> WORK ITEM:
Below are the records; give again exactly the line with "Proposed Lot 15", the line with "Καπο Εμπρος Opel Combo 18- - 601100070", and each line that lies between them, and nothing besides.

[LISTED ENTRIES — start]

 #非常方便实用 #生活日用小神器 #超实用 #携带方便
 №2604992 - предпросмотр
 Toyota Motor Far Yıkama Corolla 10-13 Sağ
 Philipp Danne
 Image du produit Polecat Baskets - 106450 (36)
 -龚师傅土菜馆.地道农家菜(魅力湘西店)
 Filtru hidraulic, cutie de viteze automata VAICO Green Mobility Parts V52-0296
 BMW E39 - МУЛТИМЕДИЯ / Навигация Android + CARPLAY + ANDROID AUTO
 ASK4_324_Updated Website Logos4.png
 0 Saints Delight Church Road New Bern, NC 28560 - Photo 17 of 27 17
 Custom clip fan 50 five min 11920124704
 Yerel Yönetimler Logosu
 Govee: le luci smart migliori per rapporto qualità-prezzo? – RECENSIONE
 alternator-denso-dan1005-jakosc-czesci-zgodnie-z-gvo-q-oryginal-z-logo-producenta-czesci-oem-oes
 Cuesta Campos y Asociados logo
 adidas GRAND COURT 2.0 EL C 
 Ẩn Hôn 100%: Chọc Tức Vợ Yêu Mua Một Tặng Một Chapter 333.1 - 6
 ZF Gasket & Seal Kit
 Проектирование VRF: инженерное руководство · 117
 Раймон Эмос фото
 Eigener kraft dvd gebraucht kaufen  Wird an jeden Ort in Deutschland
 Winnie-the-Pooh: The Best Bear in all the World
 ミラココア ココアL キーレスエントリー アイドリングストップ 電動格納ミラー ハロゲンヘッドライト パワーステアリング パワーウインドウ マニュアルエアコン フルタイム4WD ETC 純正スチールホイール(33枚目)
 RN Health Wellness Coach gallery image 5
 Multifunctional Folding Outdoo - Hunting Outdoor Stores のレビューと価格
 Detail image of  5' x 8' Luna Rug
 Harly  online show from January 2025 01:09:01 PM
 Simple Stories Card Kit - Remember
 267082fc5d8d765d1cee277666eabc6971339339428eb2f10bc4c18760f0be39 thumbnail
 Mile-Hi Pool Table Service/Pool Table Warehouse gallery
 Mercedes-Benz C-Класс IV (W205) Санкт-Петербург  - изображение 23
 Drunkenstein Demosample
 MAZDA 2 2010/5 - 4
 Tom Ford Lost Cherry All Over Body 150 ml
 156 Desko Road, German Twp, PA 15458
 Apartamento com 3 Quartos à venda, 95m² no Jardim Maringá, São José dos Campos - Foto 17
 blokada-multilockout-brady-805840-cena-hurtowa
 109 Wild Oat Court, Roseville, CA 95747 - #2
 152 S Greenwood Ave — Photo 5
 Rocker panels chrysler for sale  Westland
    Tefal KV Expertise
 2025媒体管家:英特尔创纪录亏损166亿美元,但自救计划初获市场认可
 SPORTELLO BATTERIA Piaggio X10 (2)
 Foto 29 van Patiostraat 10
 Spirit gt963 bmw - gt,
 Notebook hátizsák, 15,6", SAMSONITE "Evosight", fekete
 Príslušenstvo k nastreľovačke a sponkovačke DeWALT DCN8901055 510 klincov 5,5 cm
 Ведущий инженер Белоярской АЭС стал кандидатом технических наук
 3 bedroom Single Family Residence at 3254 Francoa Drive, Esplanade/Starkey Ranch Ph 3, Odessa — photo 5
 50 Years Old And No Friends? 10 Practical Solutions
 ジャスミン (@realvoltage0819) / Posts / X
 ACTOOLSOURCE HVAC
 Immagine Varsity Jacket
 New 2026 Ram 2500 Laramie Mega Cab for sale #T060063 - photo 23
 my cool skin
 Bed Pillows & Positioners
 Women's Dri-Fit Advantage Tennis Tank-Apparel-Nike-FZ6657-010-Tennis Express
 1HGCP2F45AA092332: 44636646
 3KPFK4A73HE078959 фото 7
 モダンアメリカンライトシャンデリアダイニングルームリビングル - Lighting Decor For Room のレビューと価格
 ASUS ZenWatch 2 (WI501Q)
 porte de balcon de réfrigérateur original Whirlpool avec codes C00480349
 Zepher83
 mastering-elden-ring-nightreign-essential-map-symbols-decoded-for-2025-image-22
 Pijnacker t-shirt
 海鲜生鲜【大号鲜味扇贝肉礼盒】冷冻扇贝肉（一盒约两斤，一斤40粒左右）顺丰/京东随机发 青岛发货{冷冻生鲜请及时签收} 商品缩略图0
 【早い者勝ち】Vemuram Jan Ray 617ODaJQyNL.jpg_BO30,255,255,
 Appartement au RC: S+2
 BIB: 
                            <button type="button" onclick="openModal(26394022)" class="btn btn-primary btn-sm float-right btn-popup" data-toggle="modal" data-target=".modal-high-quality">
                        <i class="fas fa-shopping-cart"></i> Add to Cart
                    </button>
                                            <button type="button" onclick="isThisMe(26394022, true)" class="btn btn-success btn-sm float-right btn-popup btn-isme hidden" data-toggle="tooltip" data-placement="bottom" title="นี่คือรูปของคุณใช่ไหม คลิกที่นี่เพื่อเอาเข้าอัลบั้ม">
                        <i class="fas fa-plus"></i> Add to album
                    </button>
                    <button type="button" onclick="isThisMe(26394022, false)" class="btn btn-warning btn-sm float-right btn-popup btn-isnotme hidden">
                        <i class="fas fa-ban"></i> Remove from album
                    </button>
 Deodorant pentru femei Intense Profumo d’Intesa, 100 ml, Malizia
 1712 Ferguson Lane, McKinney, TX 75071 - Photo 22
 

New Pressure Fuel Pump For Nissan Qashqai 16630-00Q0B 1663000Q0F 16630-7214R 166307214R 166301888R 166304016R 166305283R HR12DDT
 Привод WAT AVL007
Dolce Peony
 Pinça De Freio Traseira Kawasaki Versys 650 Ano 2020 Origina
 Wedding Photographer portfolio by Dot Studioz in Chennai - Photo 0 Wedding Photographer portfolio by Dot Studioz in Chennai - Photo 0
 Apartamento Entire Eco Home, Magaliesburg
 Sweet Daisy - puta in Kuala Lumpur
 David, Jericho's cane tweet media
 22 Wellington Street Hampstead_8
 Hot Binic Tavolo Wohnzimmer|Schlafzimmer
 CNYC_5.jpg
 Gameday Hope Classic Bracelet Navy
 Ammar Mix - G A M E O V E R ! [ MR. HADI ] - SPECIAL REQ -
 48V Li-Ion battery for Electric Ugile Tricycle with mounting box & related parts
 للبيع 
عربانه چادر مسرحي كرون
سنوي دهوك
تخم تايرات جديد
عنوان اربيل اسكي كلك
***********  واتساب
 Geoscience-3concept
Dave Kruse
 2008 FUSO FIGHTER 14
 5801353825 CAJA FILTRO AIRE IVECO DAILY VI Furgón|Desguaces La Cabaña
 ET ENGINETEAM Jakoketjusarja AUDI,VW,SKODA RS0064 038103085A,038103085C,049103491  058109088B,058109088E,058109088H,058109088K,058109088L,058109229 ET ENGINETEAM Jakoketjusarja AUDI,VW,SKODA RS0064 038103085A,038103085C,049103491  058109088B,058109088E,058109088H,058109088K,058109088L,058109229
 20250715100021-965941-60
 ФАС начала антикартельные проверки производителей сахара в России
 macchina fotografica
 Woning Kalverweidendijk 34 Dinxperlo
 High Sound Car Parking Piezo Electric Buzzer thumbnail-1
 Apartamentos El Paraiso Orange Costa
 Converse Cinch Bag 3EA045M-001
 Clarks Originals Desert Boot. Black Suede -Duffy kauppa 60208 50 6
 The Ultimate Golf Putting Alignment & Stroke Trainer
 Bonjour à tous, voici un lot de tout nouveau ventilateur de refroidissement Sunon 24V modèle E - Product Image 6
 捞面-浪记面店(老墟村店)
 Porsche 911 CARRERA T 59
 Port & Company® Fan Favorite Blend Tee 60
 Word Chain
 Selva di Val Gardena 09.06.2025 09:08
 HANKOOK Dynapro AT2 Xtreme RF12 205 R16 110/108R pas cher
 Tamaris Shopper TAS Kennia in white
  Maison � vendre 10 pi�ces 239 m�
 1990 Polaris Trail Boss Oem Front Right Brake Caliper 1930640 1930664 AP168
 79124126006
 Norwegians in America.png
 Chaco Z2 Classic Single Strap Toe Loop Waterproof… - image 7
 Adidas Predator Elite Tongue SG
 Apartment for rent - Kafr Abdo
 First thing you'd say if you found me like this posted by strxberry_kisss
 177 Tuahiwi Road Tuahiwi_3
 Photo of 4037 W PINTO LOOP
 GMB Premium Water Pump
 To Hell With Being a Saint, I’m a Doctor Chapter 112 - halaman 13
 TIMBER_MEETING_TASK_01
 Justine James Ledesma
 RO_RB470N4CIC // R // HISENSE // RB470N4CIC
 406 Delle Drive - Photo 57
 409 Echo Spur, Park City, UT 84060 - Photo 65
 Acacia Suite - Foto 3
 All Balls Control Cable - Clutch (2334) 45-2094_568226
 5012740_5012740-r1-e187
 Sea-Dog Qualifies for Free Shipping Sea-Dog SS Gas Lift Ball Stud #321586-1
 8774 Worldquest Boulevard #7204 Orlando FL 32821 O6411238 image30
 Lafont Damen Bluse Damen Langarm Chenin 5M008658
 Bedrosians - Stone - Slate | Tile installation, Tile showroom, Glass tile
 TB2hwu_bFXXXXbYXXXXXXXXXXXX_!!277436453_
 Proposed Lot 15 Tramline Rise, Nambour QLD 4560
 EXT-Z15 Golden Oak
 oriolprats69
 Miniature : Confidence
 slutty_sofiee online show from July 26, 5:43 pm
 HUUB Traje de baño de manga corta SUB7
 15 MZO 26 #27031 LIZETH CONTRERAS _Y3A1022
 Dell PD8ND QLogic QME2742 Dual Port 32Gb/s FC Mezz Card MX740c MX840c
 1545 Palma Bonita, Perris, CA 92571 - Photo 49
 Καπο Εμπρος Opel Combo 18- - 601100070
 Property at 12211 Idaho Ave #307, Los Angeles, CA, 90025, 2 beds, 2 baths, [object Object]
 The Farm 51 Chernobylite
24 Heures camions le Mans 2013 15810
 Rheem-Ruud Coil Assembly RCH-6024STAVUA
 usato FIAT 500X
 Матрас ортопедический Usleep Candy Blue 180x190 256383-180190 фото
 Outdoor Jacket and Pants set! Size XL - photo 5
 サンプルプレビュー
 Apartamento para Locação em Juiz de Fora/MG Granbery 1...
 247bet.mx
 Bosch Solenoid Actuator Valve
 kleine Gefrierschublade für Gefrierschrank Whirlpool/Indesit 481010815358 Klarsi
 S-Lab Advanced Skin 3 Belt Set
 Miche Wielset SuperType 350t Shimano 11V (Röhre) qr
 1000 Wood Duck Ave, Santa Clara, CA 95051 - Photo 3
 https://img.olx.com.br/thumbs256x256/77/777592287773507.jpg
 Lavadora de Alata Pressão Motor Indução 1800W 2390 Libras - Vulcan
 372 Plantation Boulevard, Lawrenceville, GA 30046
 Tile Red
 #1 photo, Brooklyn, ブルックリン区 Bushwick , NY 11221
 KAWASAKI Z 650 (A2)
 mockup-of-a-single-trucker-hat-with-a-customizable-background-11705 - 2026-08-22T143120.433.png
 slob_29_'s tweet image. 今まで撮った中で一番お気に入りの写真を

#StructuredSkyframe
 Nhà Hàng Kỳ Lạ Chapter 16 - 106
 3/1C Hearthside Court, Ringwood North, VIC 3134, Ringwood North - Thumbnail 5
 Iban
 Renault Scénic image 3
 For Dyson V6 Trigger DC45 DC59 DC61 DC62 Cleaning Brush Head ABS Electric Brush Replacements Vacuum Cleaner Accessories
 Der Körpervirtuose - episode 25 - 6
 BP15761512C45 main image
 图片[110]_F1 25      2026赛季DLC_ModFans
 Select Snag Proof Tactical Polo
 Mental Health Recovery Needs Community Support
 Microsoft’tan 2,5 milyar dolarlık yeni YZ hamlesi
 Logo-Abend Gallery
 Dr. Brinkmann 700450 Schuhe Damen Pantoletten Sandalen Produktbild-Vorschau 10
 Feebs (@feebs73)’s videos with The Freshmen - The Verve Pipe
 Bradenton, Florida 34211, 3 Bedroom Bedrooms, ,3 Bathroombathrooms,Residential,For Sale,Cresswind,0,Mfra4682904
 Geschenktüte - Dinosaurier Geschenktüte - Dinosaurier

[LISTED ENTRIES — finish]

> RESPONSE TO THIS EXERCISE:
 Proposed Lot 15 Tramline Rise, Nambour QLD 4560
 EXT-Z15 Golden Oak
 oriolprats69
 Miniature : Confidence
 slutty_sofiee online show from July 26, 5:43 pm
 HUUB Traje de baño de manga corta SUB7
 15 MZO 26 #27031 LIZETH CONTRERAS _Y3A1022
 Dell PD8ND QLogic QME2742 Dual Port 32Gb/s FC Mezz Card MX740c MX840c
 1545 Palma Bonita, Perris, CA 92571 - Photo 49
 Καπο Εμπρος Opel Combo 18- - 601100070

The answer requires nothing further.